#### Records for processing
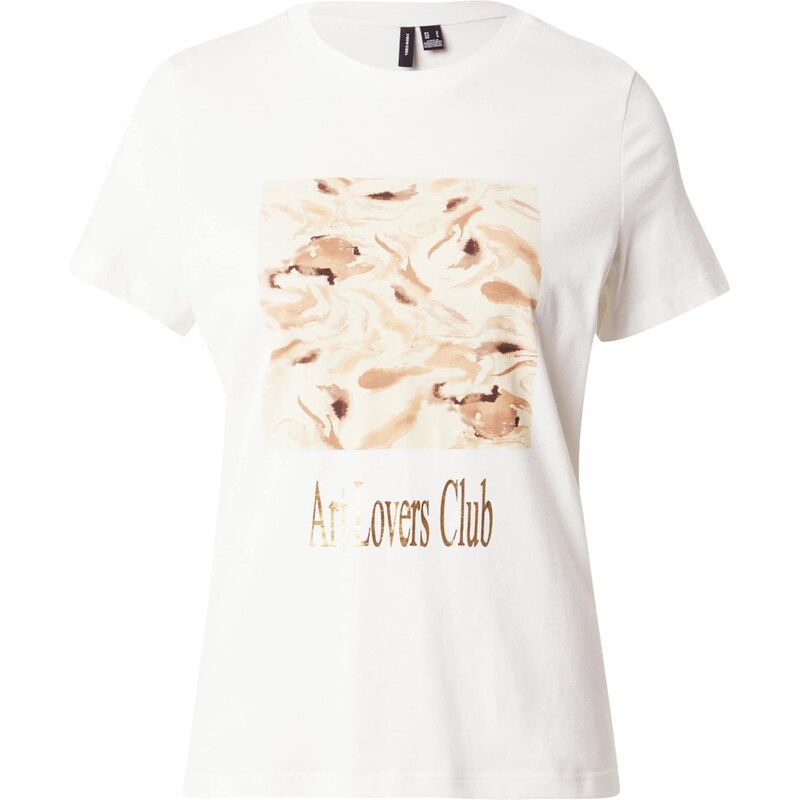 VERO MODA Tričko béžová / zlatá / biela 64488455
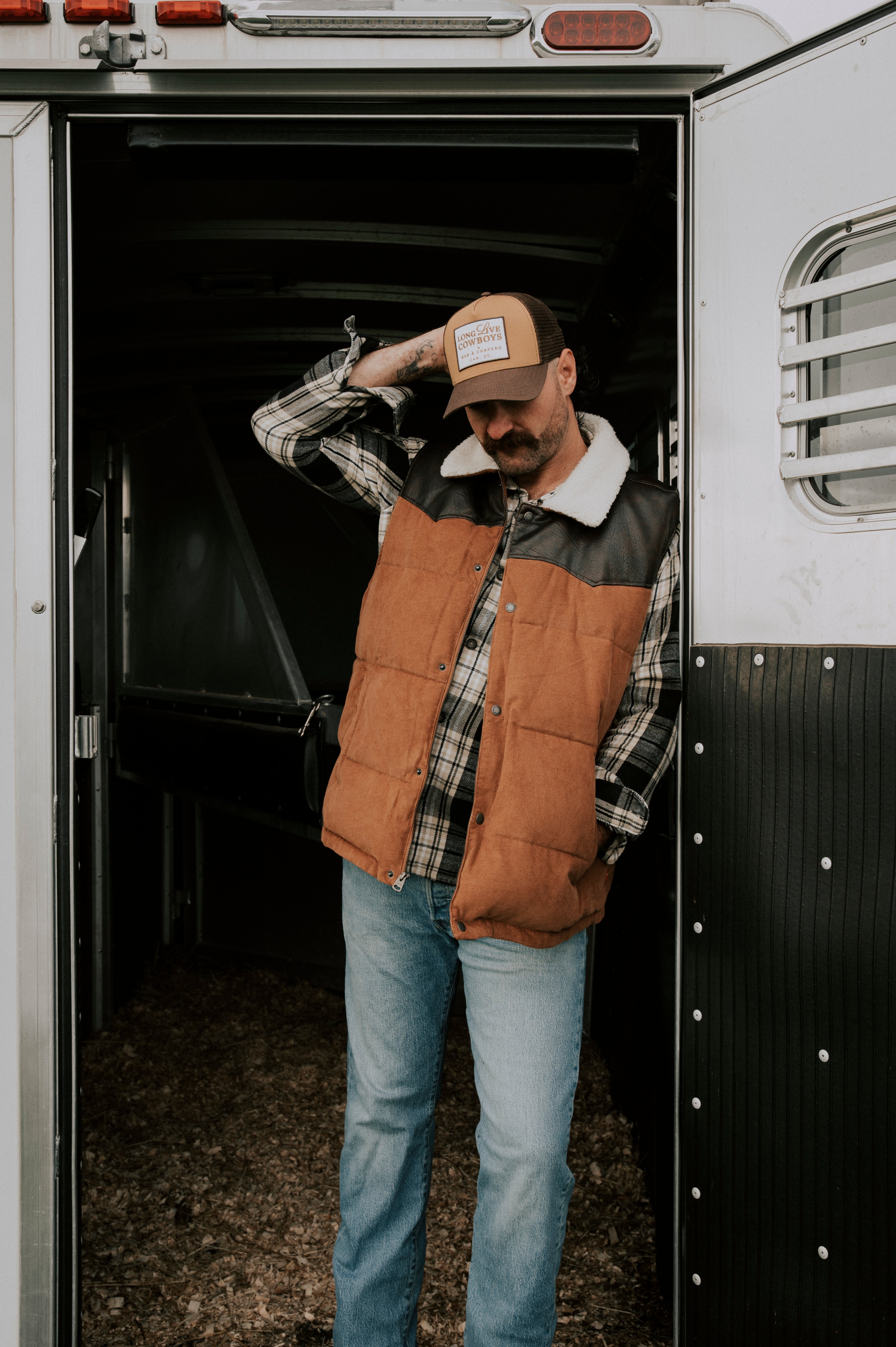 Brown patch cap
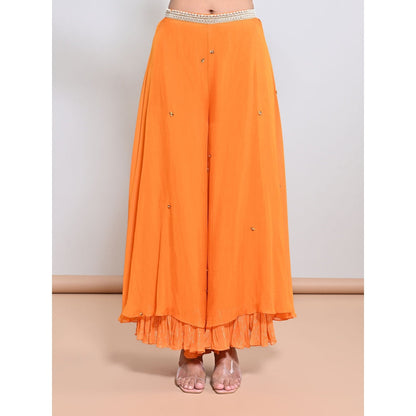 KEITH GOMES Orange Embroidered Cape with Palazzo and Slip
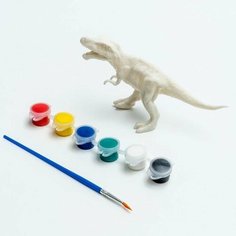 Набор для творчества Раскрась тиранозавра, краска 6 цветов по 2 мл, кисть Made in China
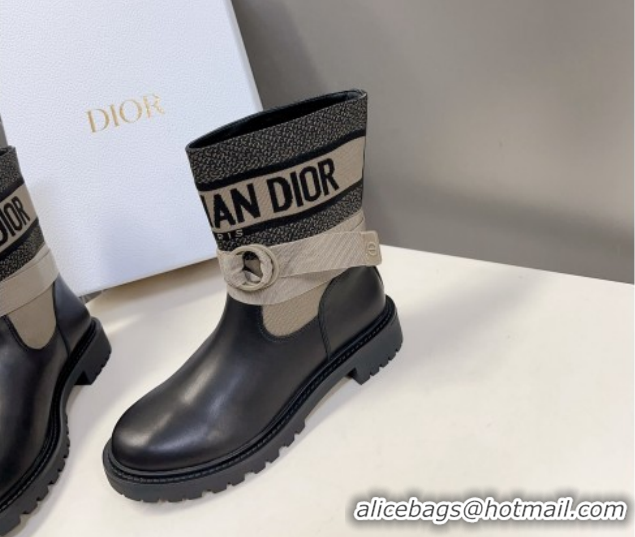 Classic Hot Dior D-Major Ankle Boots in Fabric and Calfskin Light Beige 2025 D09021 1029015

#### What this task involves
Copy out the data above exactly, except the pictures.

#### Task response
 VERO MODA Tričko béžová / zlatá / biela 64488455
 Brown patch cap
 KEITH GOMES Orange Embroidered Cape with Palazzo and Slip
 Набор для творчества Раскрась тиранозавра, краска 6 цветов по 2 мл, кисть Made in China
 Classic Hot Dior D-Major Ankle Boots in Fabric and Calfskin Light Beige 2025 D09021 1029015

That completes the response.